The professorship at Catania did not suit Nalli, partly because she felt that her colleagues resented her being there, having only accepted her at Fedele's insistence, partly because she would have preferred to be in Palermo where she felt much more at home. However, there was resistance from the staff at Palermo to her being appointed there. In particular, Michele La Rosa (1880-1933), who held the chair of physics at Palermo but was also dean of the Faculty of Science before becoming rector of the university, was opposed to her appointment. Nalli wrote in a letter to the Minister of Education on 12 May 1928 (see, for example [4]):-

Professor La Rosa claims that I would not be able to keep discipline, because the pupils of Palermo are large and to keep discipline, according to professor la Rosa, requires a teacher with solid manly qualities. I protest against this assertion: I have always kept discipline, and if anything I can be blamed for being too harsh. To keep discipline there is no need to do battle with the students: you just do not be ridiculous. And I'm not ridiculous either as a woman or as a teacher.
Let us indicate some of Nalli's publications after she moved to Catania. These include the papers: (with Giulio Andreoli) Sui processi integrali di Stieltjes (1929); Spazi di Riemann di seconda classe (1932); Risoluzione di due problemi classici per mezzo di una equazione di Volterra (1938); Sopra un problema relativo ai trasporti rigidi di vettori negli spazi quadrimensionali (1947); Trasporti rigidi di vettori negli spazi quadridimensionali (1949); and Equazioni indipendenti dalla scelta delle variabili e caratterizzazione di varietà metriche (1955). She also published the book Lezioni de calcolo differenziale assoluto (1952) which was material from lecture courses she had given over many years.

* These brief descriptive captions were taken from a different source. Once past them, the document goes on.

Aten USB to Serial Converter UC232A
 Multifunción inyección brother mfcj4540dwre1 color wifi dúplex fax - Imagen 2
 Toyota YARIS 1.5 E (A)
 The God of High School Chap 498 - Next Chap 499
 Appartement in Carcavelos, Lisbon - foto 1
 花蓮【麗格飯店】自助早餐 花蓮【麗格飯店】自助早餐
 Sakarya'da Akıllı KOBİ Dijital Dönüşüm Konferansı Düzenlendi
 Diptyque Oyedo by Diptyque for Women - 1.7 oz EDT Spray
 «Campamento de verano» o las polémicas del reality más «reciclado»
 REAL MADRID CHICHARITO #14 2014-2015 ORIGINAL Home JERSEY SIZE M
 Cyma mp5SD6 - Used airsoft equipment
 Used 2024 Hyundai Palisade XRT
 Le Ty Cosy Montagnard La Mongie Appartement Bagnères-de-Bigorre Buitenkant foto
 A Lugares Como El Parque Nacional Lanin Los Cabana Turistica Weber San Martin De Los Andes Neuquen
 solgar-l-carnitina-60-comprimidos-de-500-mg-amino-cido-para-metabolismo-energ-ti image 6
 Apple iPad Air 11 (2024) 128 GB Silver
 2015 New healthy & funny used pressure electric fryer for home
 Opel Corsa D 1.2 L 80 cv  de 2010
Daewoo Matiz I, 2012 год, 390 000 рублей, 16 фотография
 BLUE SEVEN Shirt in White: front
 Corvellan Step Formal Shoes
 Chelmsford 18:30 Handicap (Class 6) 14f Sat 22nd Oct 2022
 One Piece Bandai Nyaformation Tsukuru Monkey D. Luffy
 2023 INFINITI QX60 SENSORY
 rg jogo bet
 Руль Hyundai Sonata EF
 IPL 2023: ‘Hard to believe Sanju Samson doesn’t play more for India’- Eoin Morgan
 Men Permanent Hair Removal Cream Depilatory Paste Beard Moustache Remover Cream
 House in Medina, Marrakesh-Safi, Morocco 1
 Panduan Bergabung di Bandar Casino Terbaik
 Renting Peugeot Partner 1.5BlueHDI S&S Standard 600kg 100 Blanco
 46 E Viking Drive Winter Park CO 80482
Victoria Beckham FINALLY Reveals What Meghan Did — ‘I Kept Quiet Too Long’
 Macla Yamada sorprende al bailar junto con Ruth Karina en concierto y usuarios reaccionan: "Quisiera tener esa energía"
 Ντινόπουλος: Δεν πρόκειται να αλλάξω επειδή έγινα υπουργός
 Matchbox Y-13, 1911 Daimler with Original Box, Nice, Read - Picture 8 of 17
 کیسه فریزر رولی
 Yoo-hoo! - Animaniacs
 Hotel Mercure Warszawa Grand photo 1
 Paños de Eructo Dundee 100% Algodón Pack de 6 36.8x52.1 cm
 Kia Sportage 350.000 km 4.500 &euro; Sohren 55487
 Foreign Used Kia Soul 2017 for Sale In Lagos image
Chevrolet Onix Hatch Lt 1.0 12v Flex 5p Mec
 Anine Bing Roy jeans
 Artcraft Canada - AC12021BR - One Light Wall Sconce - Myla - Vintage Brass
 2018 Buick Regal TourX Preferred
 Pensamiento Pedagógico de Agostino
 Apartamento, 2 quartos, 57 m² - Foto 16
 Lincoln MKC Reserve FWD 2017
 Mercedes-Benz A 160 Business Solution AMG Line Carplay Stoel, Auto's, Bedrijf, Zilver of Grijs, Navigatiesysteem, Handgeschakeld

Gaetano Fichera paints a sad picture of how Nalli was deprived of the recognition she deserved, presumably because she was a woman [2]:-

Her aspiration to teach in her hometown, Palermo, became increasingly frustrated and was for her a source of great bitterness when she saw mathematicians appointed of very different stature from her. Retiring from teaching from the Faculty of Catania, which she had served for thirty years, she was given the recognition of being proposed for the appointment as professor emeritus. But in the national scene, Pia Nalli was left in complete obscurity. No academy ever thought to welcome her among its members, she was never called to judge a university competition, ... and she never had a position of distinction or prestige. On the other hand, she had the respect of the authentic scientific fraternity, which prevented her from begging for recognition and positions. Tired out with the passing of the years, resentful of those who had been hostile, resentful that her exuberant southern temperament had, at times, given its bright tone, become more and more closed in on itself, in a desperately lonely life, not cheered by family affections. But the few who were her friends knew that behind the outward harshness of her character was concealed a soul who was sensitive to the delicate nuances of feeling.
Despite the lack of honours given to Nalli in her lifetime, we note that she has been honoured with the naming of a street Via Pia Nalli in Rome.